[Start of Attachment]

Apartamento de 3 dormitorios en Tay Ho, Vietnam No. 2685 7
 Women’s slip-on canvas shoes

[End of Attachment]
[Start of Attachment]

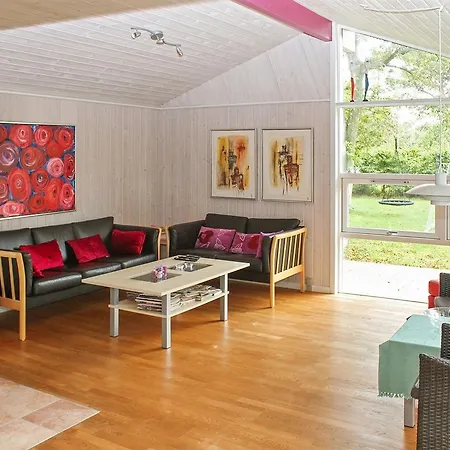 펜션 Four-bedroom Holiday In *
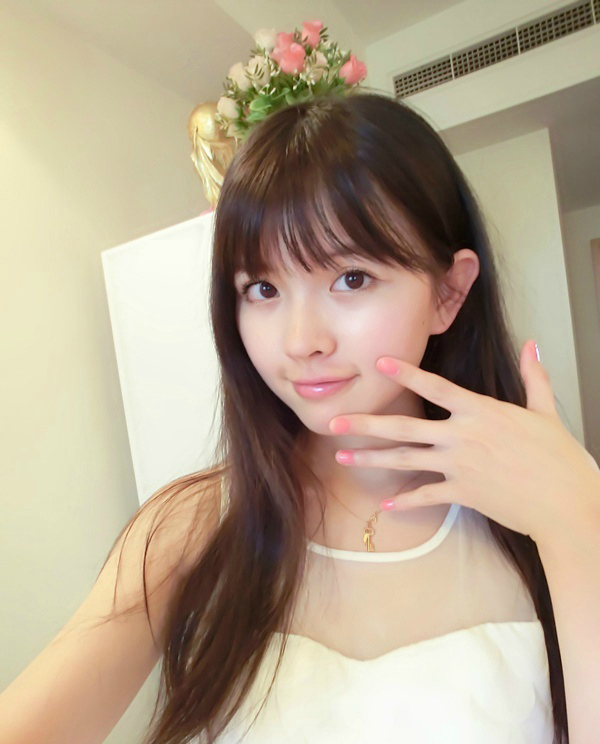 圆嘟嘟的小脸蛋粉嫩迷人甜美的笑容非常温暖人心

[End of Attachment]
[Start of Attachment]

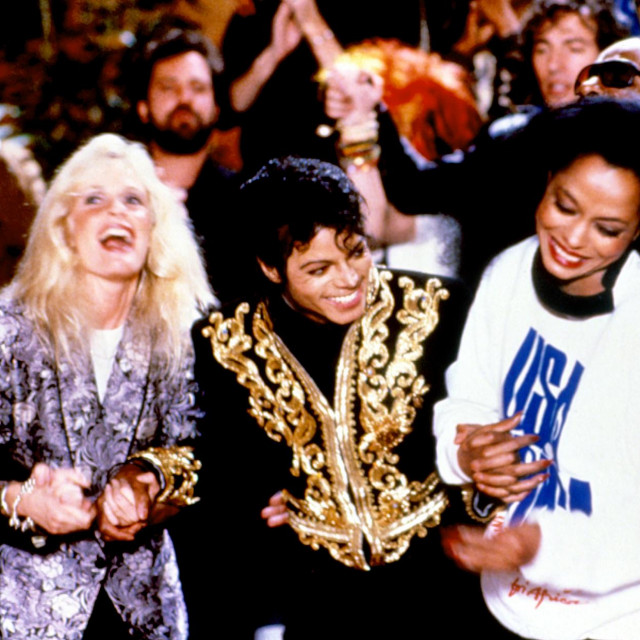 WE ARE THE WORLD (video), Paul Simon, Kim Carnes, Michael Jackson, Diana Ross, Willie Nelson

[End of Attachment]

▶ [ASSIGNED TASK]: In the listing above, locate the line containing "Apartamento de 3" and the line containing "Women’s slip-on canvas shoes". Transcribe those two lines and everything between them, exactly as written.

▶ [RESULT OF THIS EXERCISE]:
Apartamento de 3 dormitorios en Tay Ho, Vietnam No. 2685 7
 Women’s slip-on canvas shoes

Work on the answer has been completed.